Le sue sculture trasformano il Chiostro in un luogo “sospeso”: che cosa significa per lei esporre proprio a Palazzo San Domenico?
Per me Palazzo San Domenico è la casa di tutti i manfredoniani e io mi sento anche un manfredoniano, per cui esporre qui nel chiostro significa essere a casa.

C’è un’opera della mostra che considera particolarmente legata a Manfredonia? Perché?
La scultura “La Madonna dei pescatori” che più mi lega a Manfredonia non è esposta in questa piccola mostra. A causa della decisione presa all’ultimo momento, ho deciso di esporre quattro sculture che erano già disponibili qui a Manfredonia. La mia scultura “La Madonna dei pescatori”, alta 4 metri, avrebbe comportato notevoli difficoltà di trasporto: è esposta al Museo Lettl di Augusta e, per me, quando mi trovo ad Augusta, rappresenta un “souvenir” della spiaggia della Riviera Sud. In questa piccola presentazione non è presente nemmeno la scultura intitolata “Manfredonia, la dea del mare”, che ha trovato il suo posto al Museo Lettl di Augusta tra i quadri impressionisti di mio padre raffiguranti Manfredonia. Ciò che mi lega alle sculture qui esposte e a Manfredonia, tuttavia, è il fatto che siano state realizzate proprio qui e che mi ricorderanno così per sempre il bellissimo periodo trascorso in questa località. A ciò si aggiunge ora, naturalmente, un nuovo legame, ovvero il fatto che abbiano trovato in uno dei luoghi più belli di Manfredonia un alloggio gratuito per cinque giorni. Le sculture non dimenticheranno sicuramente mai questo luogo straordinario.

Ha individuato un punto del Chiostro — una colonna, un’ombra, un varco — che ha influenzato direttamente la disposizione delle opere?
Dato che al momento nel Chiostro regna un po’ di disordine - sono in corso i lavori di restauro della Cappella della Maddalena e di ristrutturazione del Museo civico di Manfredonia - ho deciso di posizionare le figure ai quattro lati della cisterna al centro del cortile interno.
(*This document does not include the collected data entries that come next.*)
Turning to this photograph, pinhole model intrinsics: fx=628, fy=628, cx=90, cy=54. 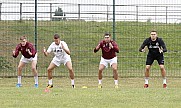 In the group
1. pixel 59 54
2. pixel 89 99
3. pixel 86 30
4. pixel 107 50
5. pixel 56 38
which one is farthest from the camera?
pixel 86 30

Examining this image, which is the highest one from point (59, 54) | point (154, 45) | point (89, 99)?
point (154, 45)

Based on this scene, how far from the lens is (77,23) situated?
1093 inches

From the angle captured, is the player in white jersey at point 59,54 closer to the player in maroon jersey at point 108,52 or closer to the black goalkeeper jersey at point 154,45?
the player in maroon jersey at point 108,52

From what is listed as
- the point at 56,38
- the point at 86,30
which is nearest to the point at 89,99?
the point at 56,38

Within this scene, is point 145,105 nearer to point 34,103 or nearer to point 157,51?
point 34,103

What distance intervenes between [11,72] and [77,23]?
3.68 metres

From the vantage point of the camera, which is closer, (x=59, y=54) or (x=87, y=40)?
(x=59, y=54)

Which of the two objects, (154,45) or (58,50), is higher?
(154,45)

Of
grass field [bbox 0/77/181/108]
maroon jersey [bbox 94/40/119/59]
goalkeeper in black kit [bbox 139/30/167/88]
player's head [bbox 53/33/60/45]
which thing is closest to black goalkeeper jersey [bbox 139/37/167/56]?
goalkeeper in black kit [bbox 139/30/167/88]

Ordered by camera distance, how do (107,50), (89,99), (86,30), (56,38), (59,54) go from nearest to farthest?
(89,99), (56,38), (59,54), (107,50), (86,30)

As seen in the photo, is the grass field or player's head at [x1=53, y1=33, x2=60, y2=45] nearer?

Quali criteri ha usato per selezionare le sculture presenti in mostra?
Conoscevo il luogo: a differenza dei quadri, le sculture vivono sempre nell’ambiente circostante, da esso e con esso. La maggior parte delle persone conosce la mia scultura “Incontro al vertice” presso la Rotonda di Manfredonia. Si trova in una piazza meravigliosa, un’ex rotatoria che è stata trasformata in un viale pedonale; sarebbe crudele se si trovasse in una vera rotatoria, in mezzo al traffico stradale. Qui il concetto risulta più evidente. E così il cortile interno di Palazzo Domenico si è rivelato adatto per quattro figure singole più piccole.

Quale opera considera sia stata il “cuore” della mostra, quella che tiene insieme tutte le altre?
Il fulcro è sicuramente la mia ultima scultura: “La metamorfosi”.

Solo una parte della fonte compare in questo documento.